Sweterka przybywa. Już mam połowę drugiej części przodu. Może dziś skończę ? Zostaną rękawy i pliski. 

wtorek, 24 marca 2015

24.03.2015 Sprawy babusine

Nie wiele ich dzisiaj . Cały dzień z godzinną przerwą na odebranie wnuczka z przedszkola i dostarczenie do drugiej babci i wlotem na pocztę i do sklepu z gospodarstwem domowym,  spędziłam przed komputerem , liczyłam , pisałam faktury i oferty. Rano tylko napisałam kilka słów do wuja i wysłałam z nowym pakietem materiałów do księgi. 
W gospodarstwie domowym , kupiłam prezent na roczek , dla wnuczki szwagroskiej . Zostaliśmy zaproszeni na uroczysty obiad i kawę z tej okazji.  Kupiłam porcelanowy komplet miseczkę, talerzyk i kubeczek , oraz komplet dziecięcych sztućców.

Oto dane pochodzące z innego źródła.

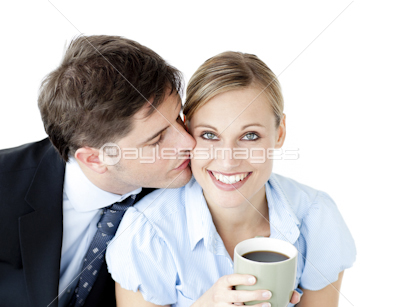 Attentive businessman kissing his girlfriend at her cheek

Komplecik jest śliczny , niebieskie słoniki , wiewiórki i kotki na żółtym tle.
Po pracy też niz szczególnego ; trochę prasowania , pozszywanie kieszeni w marynarce mężusia i tyle na dziś. Jeszcze tylko muszę wieczorem do znajomego wyskoczyć odebrać towar , który mi z hurtowni w Poznaniu odebrał. 
Moja wnusia pisała wczoraj swój pierwszy w życiu sprawdzian . Proste słówka odpowiednie do wieku ; lala, las, kot , mama itd . Napisała wszystko bezbłędnie jako jedyna w klasie i z dumą pokazywała nam buźkę z trzema serduszkami ( to taki zerówkowy  odpowiednik 6) i była bardzo tym podekscytowana .
A poza tym , zimowy płaszcz powiesiłam do szafy , a na wieszak trafiła moja czerwona peleryna i skorzana kurtka .   
Może uda nam się sprzedać działkę ? Klient umówił się z nami na jutro , na rozmowę . 

poniedziałek, 23 marca 2015

23.03.2015 Po naszymu

Dostałam od syna , syn znalazł na facebuku - autor niżej podpisany Sam Wuja Czechu .
Perełka po prostu !!!


LOKOMOTYWA (w gwarze poznańskiej)
Stoi na stacji wielgachno bana
cało w oliwie jest opypłana.
...
Para z ni bucho i poświstuje
a palacz ciyngiym wef ni hajcuje.
Wuchte wagonów mo zahoczone
wef kożdym klunkrów jest nawalone.
Jest tych wagonów cóś ze śtyrdzieści
wcale nie wiada co sie tam zmieści.
W piyrszym wagónie kole wynglarki
jadom z Poznania same Kaczmarki
jedzie tyż Kundziu i z Wildy szczuny
a kożdy śrupie z tytki bonbony.
Wef drugim szkieły i ejber łysy
śtyrech góroli i dwa hanysy.
Potym jest proszczok, owce i kónie
wszysko to w czecim jedzie wagónie.
Dalej som ryczki i szafónierki
jakieś wymborki i salaterki.
Śtyry wagóny jadom z meblami
za nimi dziesińć wagónów z pyrami.
Na samym kuńcu cołkiym dla śmiechu
tyn co to pisoł - sam Wuja Czechu


niedziela, 22 marca 2015

22.03.2015 "Handmadziaki" i nie tylko

Na początek śpiące słońce - pocięta dyskietka doskonale  się sprawdziła jako filtr





I moje robótki z ostatnich dwóch miesięcy - wciąż się uczę jak widać  

Serduszka z przyssawką do przyklejenia na gładką powierzchnię- naniosłam fotki wnucząt 


Pudełka na skarby , też ze zdjęciami wnucząt 



I świątecznie :

Zawieszki - awers i rewers 



                            Różne ptaszki i kaczorki ( a może to gąski ? ) 




I kogut , a raczej kogucisko - ma ponad 20cm wysokości - ozdobi wielkanocny stół 

Też awers i rewers 



I pierwsze świąteczne dekoracje - będzie więcej i zostaną uzupełnione o moje robótki 
i pojemniczki pełne kolorowych jajeczek - tak sobie wymyśliłam...





A poza tym ; upiekłam bułeczki owsiane ( w/g ulotki lidlowej ) , całkiem smaczne . 
Mężuś zaraził się ode mnie epoką średniowiecza - siedzi przed komputerem i ogląda filmy o zdobywaniu zamków i średniowiecznych machinach .
Przytrzaśnięty palec już mnie prawie nie boli , chociaż mam siny - myślałam ,że będzie gorzej.